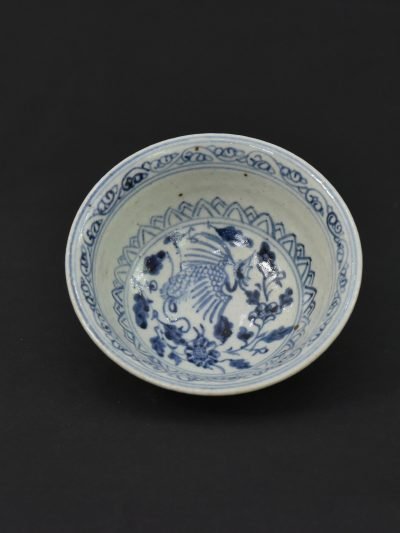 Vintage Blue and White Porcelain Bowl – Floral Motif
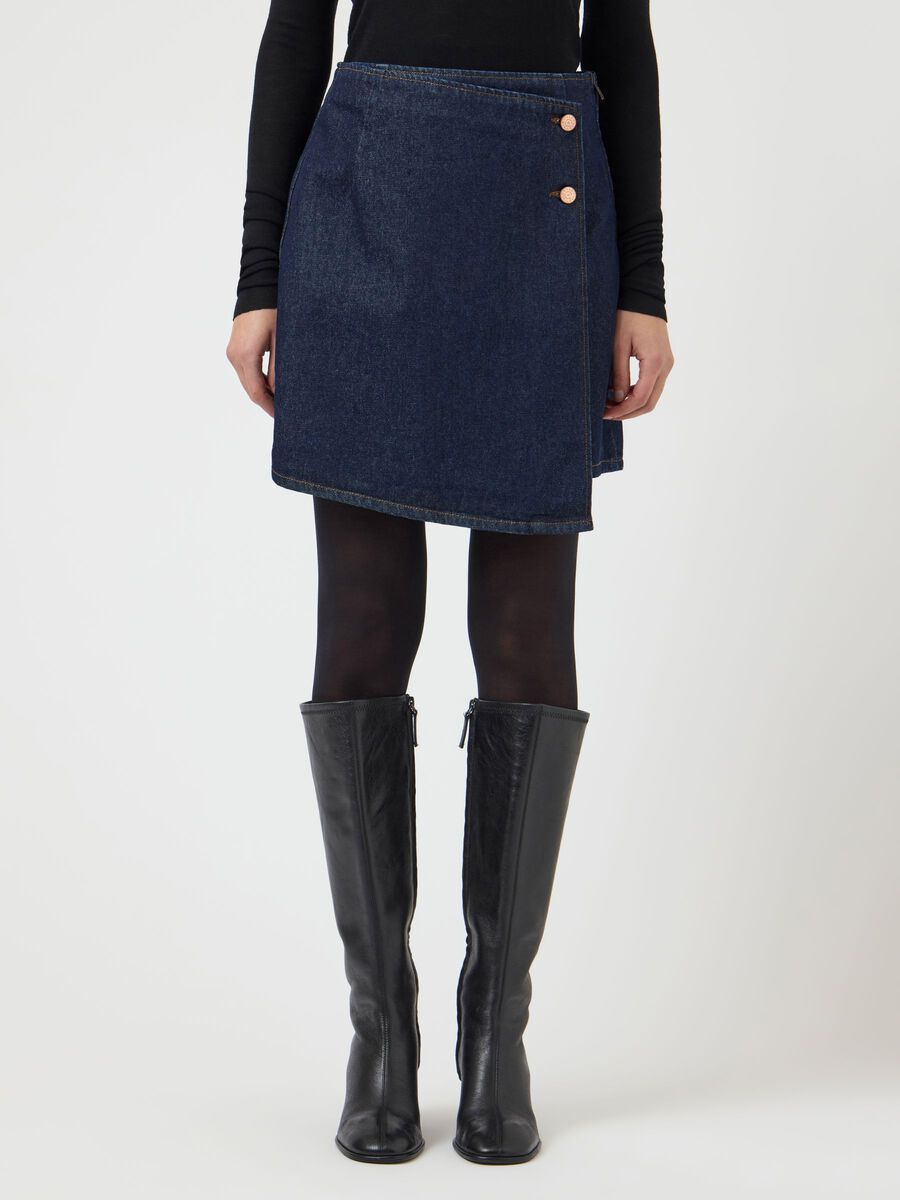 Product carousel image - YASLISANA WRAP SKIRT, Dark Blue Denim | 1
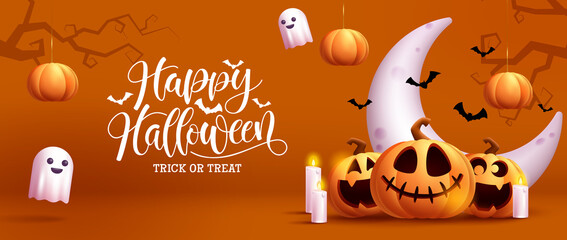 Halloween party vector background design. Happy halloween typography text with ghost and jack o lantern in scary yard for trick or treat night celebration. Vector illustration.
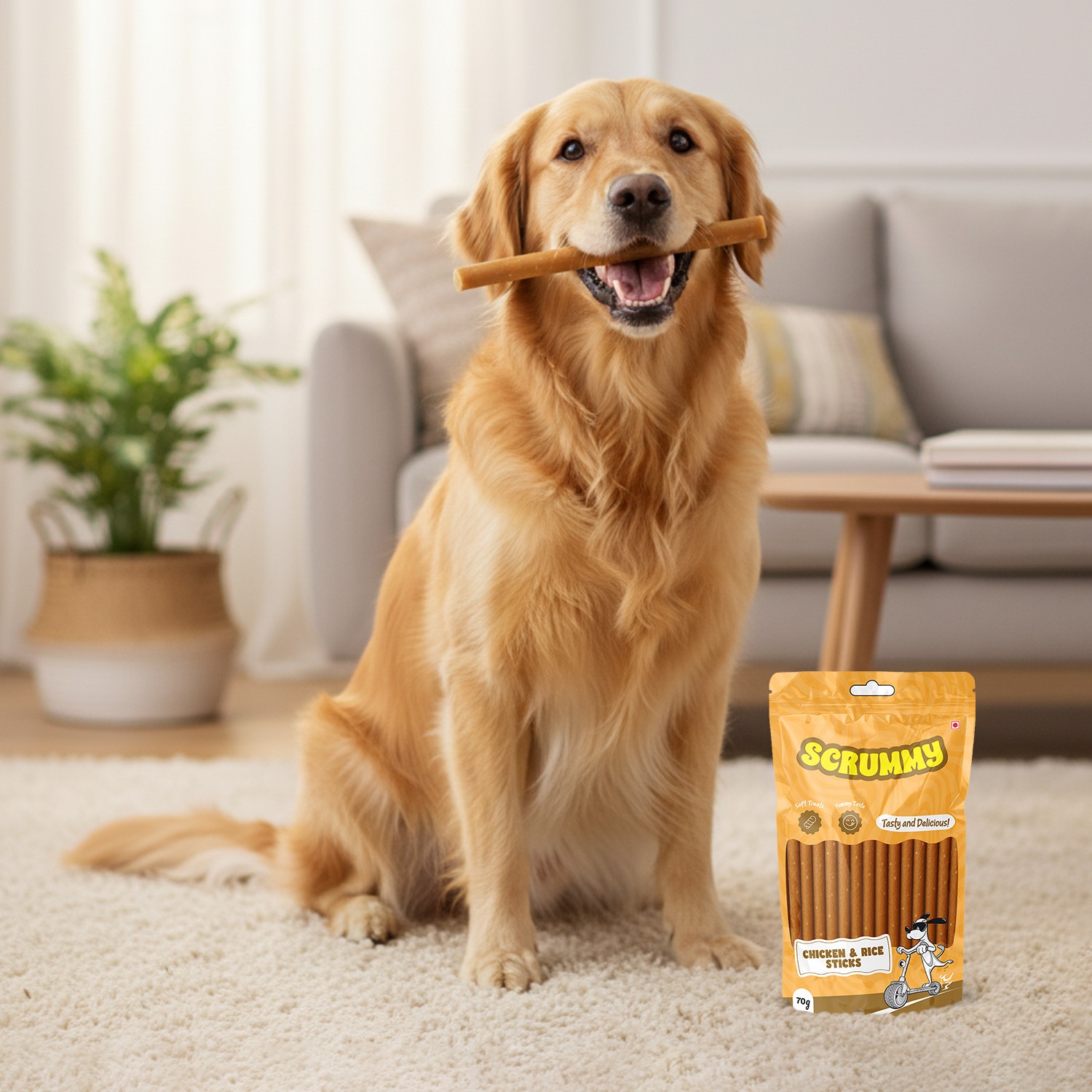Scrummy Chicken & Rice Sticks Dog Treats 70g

+===+

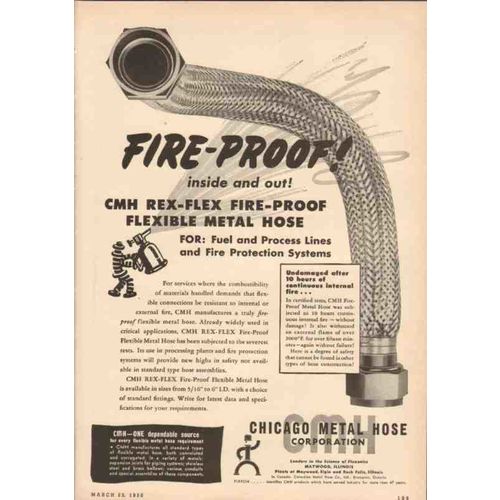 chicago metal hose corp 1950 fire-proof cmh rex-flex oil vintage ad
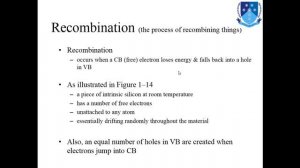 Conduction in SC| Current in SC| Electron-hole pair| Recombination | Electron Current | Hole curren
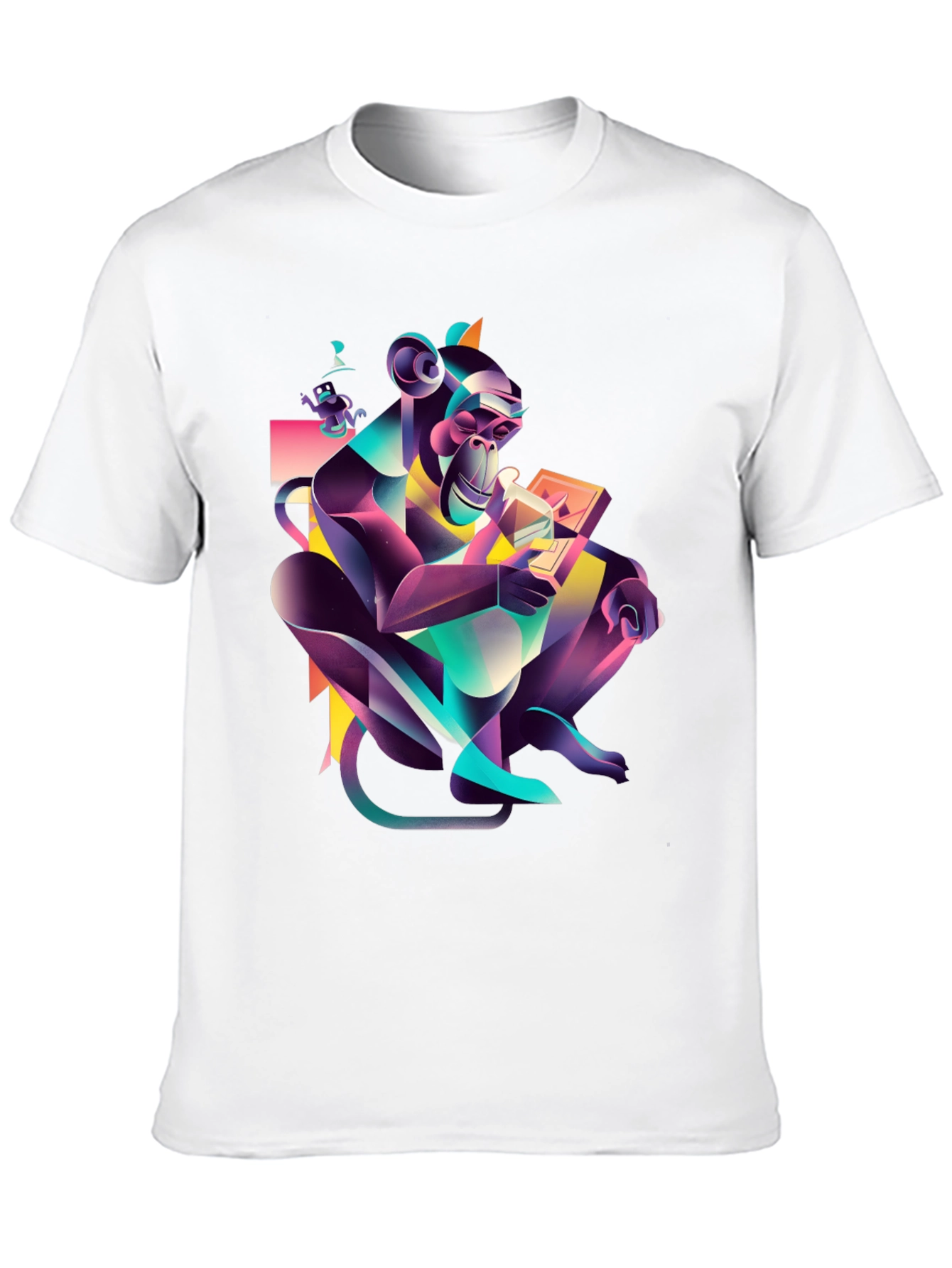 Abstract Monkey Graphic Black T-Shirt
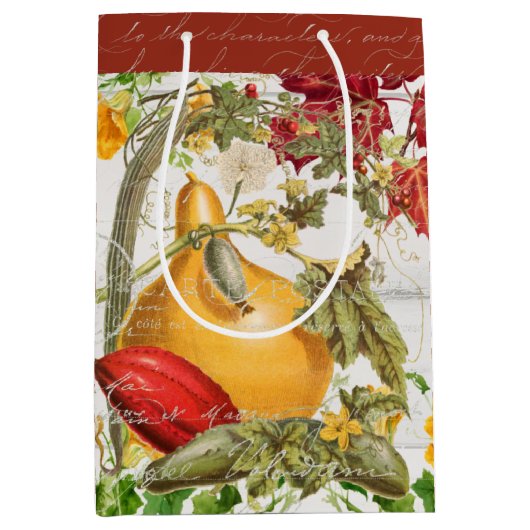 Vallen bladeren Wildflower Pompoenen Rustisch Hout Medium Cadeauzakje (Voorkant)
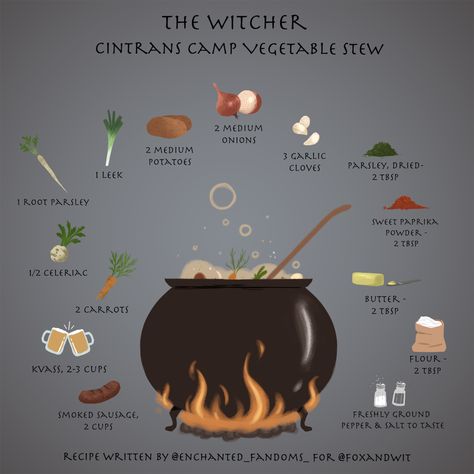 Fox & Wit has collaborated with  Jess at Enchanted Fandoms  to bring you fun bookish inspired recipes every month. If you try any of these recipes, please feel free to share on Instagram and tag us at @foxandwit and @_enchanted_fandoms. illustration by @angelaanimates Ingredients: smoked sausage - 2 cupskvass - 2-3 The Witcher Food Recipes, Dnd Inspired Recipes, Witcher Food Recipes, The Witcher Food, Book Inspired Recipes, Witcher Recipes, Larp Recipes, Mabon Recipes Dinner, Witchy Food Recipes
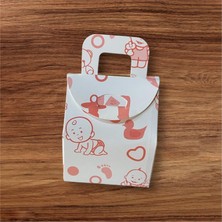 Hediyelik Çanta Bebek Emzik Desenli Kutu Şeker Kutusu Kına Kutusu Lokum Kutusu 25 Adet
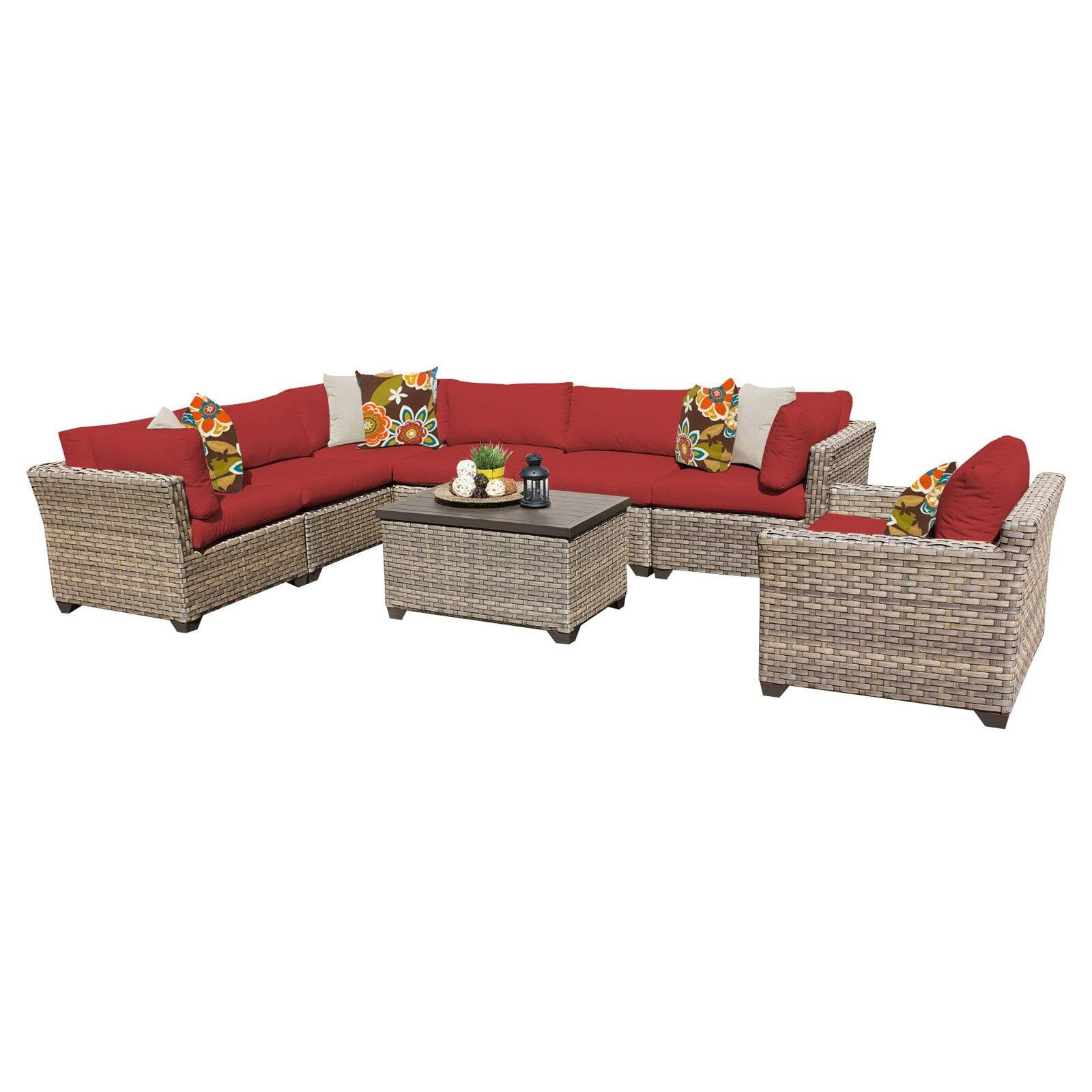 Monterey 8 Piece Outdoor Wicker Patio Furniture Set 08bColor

+===+

Problem requirements:
Nothing except the lines from the one containing "Vintage Blue and" through the one containing "Scrummy Chicken & Rice Sticks Dog Treats 70g" should appear in the answer, exactly as above and without pictures.

Response box:
 Vintage Blue and White Porcelain Bowl – Floral Motif
 Product carousel image - YASLISANA WRAP SKIRT, Dark Blue Denim | 1
 Halloween party vector background design. Happy halloween typography text with ghost and jack o lantern in scary yard for trick or treat night celebration. Vector illustration.
Scrummy Chicken & Rice Sticks Dog Treats 70g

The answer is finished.